From the line containing "Polsek Sekupang bagikan" down to the line containing "Aerie Camo Leggings", copy out the entries below exactly, both lines included, and nothing else; pictures do not belong in the copy.

§ **Data for analysis**:
────────────────────────────────────────

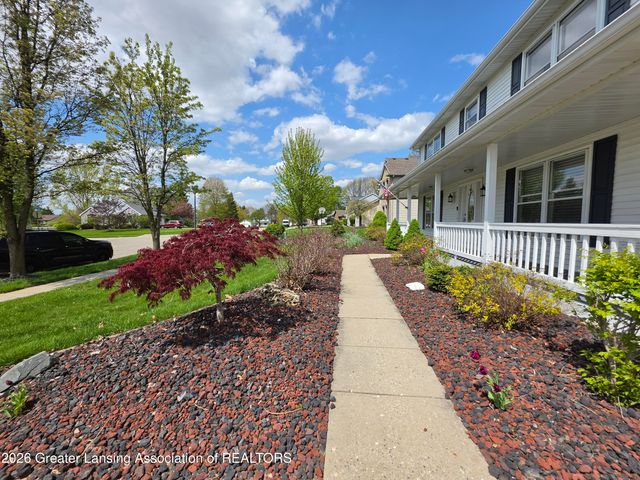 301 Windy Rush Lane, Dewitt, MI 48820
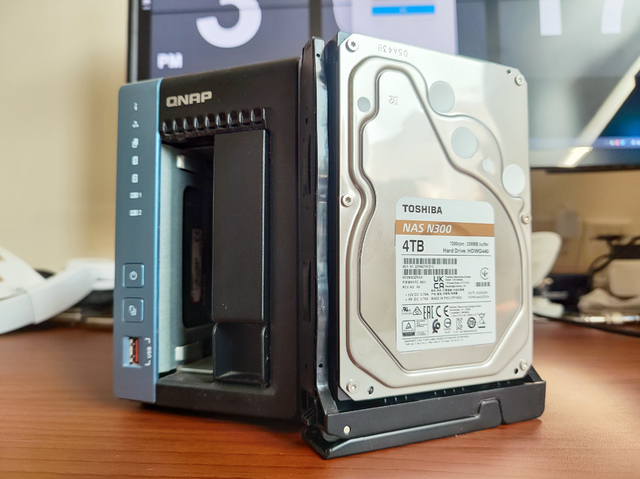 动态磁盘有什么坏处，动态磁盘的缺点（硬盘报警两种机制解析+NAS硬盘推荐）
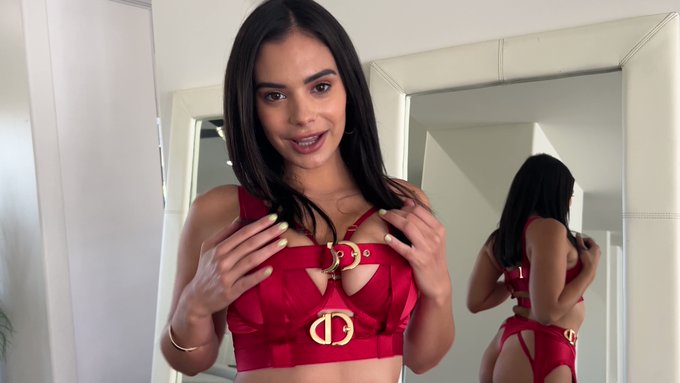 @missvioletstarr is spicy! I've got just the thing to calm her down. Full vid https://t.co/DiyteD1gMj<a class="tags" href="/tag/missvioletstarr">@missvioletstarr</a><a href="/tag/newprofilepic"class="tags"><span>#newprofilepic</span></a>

────────────────────────────────────────

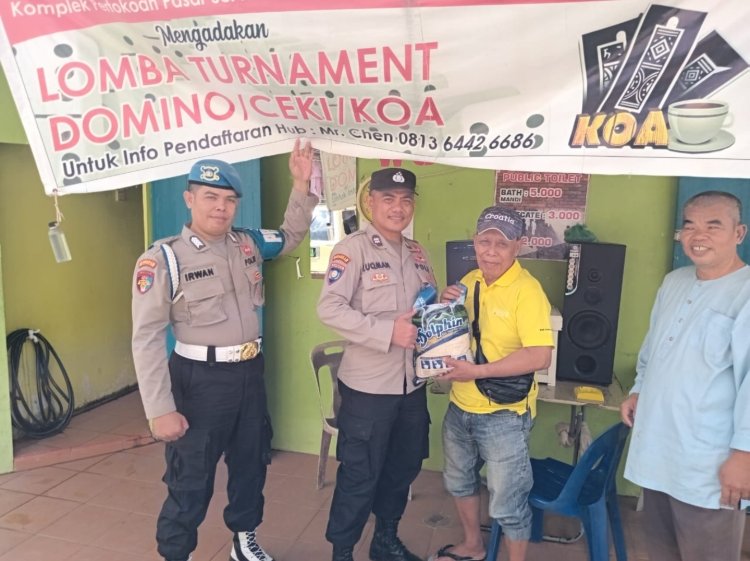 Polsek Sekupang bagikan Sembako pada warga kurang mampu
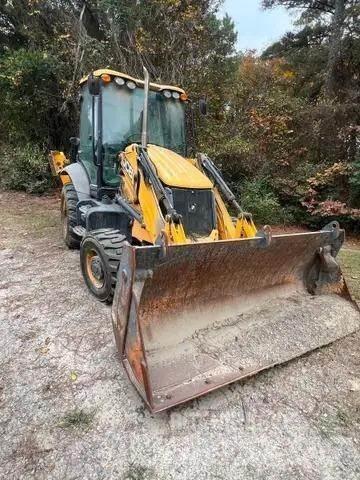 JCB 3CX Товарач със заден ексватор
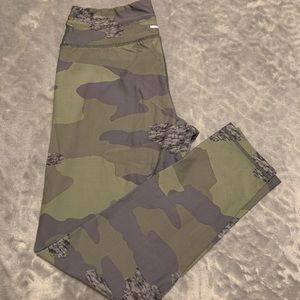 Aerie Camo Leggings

────────────────────────────────────────

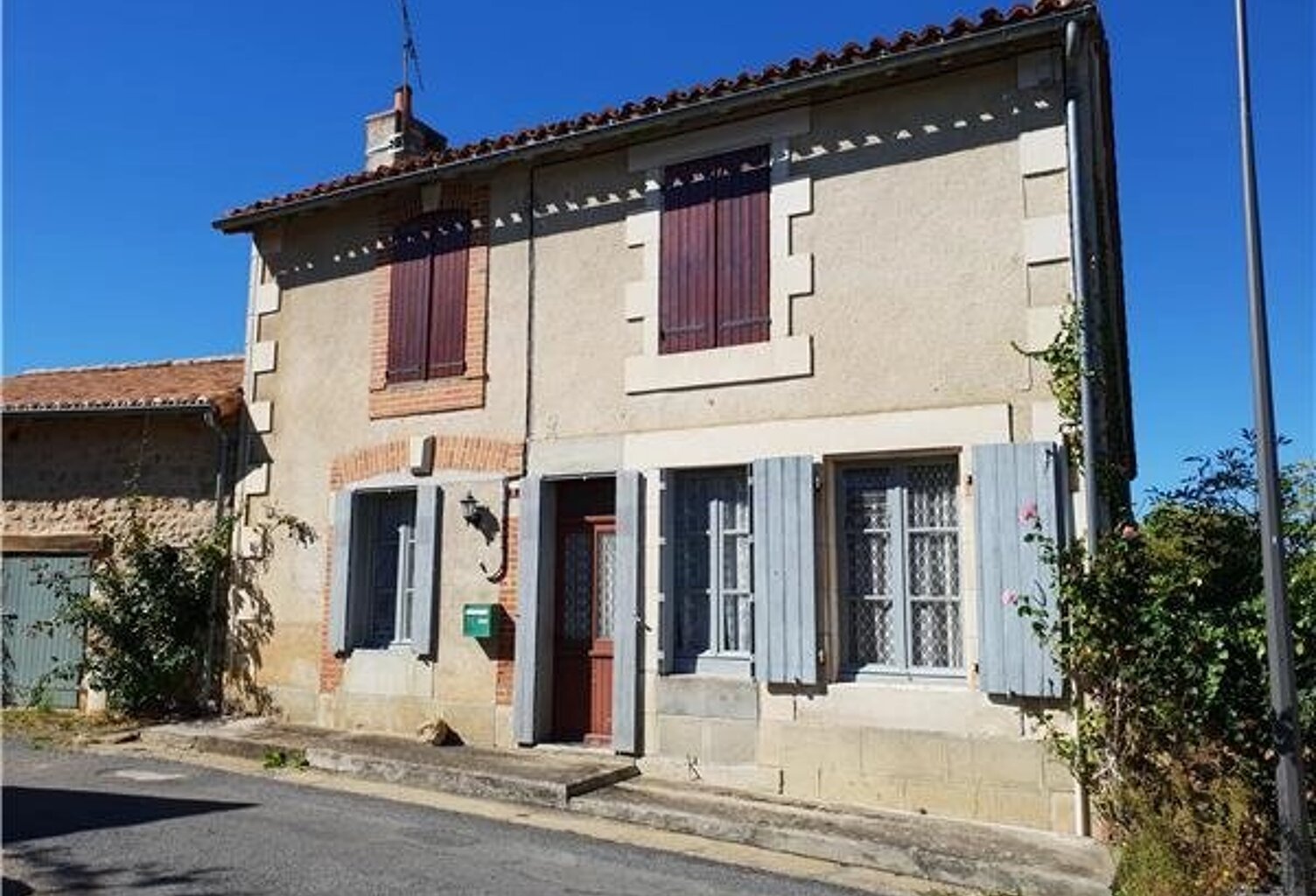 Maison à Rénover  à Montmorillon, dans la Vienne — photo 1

────────────────────────────────────────

§ **Response**:
 Polsek Sekupang bagikan Sembako pada warga kurang mampu
 JCB 3CX Товарач със заден ексватор
 Aerie Camo Leggings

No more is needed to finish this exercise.